Sun, Feb 17, 2008
The Inca empire of greater Peru is known as South America's grandest, but most of its fabulous gold, with a technique they couldn't equal, stems from the 600 year older Lambayeque culture, a merchant culture which built around three Peruvian sites including Tucuma the greatest pyramids in the world, up to thrice Cheops's, with tombs -at the outer side- but in adobe, which was badly damaged by the very floods around 1300 which finished off the culture. A German engineer discovered them and realized their significance a century ago, a German professor now heads its thorough archaeological investigation, revealing a lot of truth in the myth of their founding god-king.
Sun, Mar 2, 2008
In 1944, the approach of the Soviet Red army caused most of the 'Prussia treasure' to be removed from the museum in capital Koenigsberg's castle, to be separated until the 'Wende' (German reunion after the fall of the Iron Curtain). Recently German researchers followed its trail, and discovered more then they expected. It's a unique collection of pieces from the Preussen (Prussians), the long-extinct tribe the German region Prussia by the Ostsee is named for, who traded a lot, mainly in precious amber (which the region is the world's best source of), notably with the Vikings. Although their culture had no writing, its jewelry proves a refined technology.
Sun, Mar 9, 2008
Arabian and German researchers examine the ancient legend that a mighty ruler of Babylon would have spend ten years in the measly desert oasis of Teyma, in present Saudi Arabia, on the Ancient incense trade route, which a Swede explored in 1879, finding ruins with an Aramaic inscription, referring without legible name to a Babylonian king. Teyma's still conserved spring, remains one of the world's largest, was an amazing engineering feat, able to serve 50 camels simultaneously. The fortified city once covered over 500 hectares, including a giant, repeatedly transformed temple. Recent finds, including cuneiform inscriptions on several spots, testify to intense trade as far as Egypt, and indicate the exiled monarch was Nabonit, Babylon's 6th century BC last king, his residence and motive for refuge or even banishment (on account of his veneration for his mother's regional god from another part of Mesopotamia?) remain unknown, but his son and representative at the Babylonian capital was the one who received the biblical writing on the wall before the kingdom was overrun. Teyma obviously remained important many more centuries, probably also in the Nabathaean realm (capital Petra, in modern Jordan).
Sun, Mar 16, 2008
The Roman 'Il Ghesu' mother church of the Jesuit order contains a remarkable relic, a 'baptism' (i.e. right) arm ,which hasn't started decomposing in 450 years. Modern researchers trace its antecedents and theories about a hokes in the Vatican archives.

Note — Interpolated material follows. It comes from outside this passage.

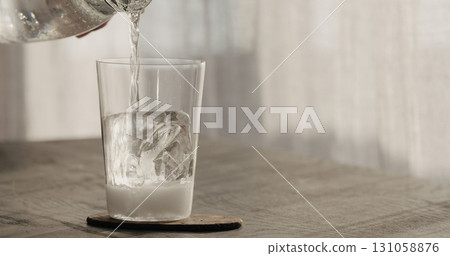 Pour tonic over clear ice cube in tumbler glass on black oak table Pour tonic over clear ice cube in tumbler glass on black oak table 131058876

It is attributed to saint Francis Xaverius, the Basque Jesuit missionary who converted hundreds of thousands of Hindus -under threat of colonial force, however- around Goa, the first and by far largest, heavily fortified Portuguese base on the Indian coast, end point of the early European (essentially commercial, not territorial) circumnavigation and colonization of Africa from Gibraltar to the Arabian Sea, prolonged to its goal, the rich spices trade of the Far East, which brought such immense wealth, especially trading with the then largest and richest Indian hinterland city (Vij... which perished in Muslim-Hindu religious strife) that Goa thrived to more inhabitants and churches then even Rome in the Renaissance age. The arm is attributed to the fabulous reliquary (started for the bones of a Georgian queen martyr shipped from Persia) of an Augustinian monastery, notably its chapter house, which is painstakingly tracked down during a 20 years long archaeological dig in Goa.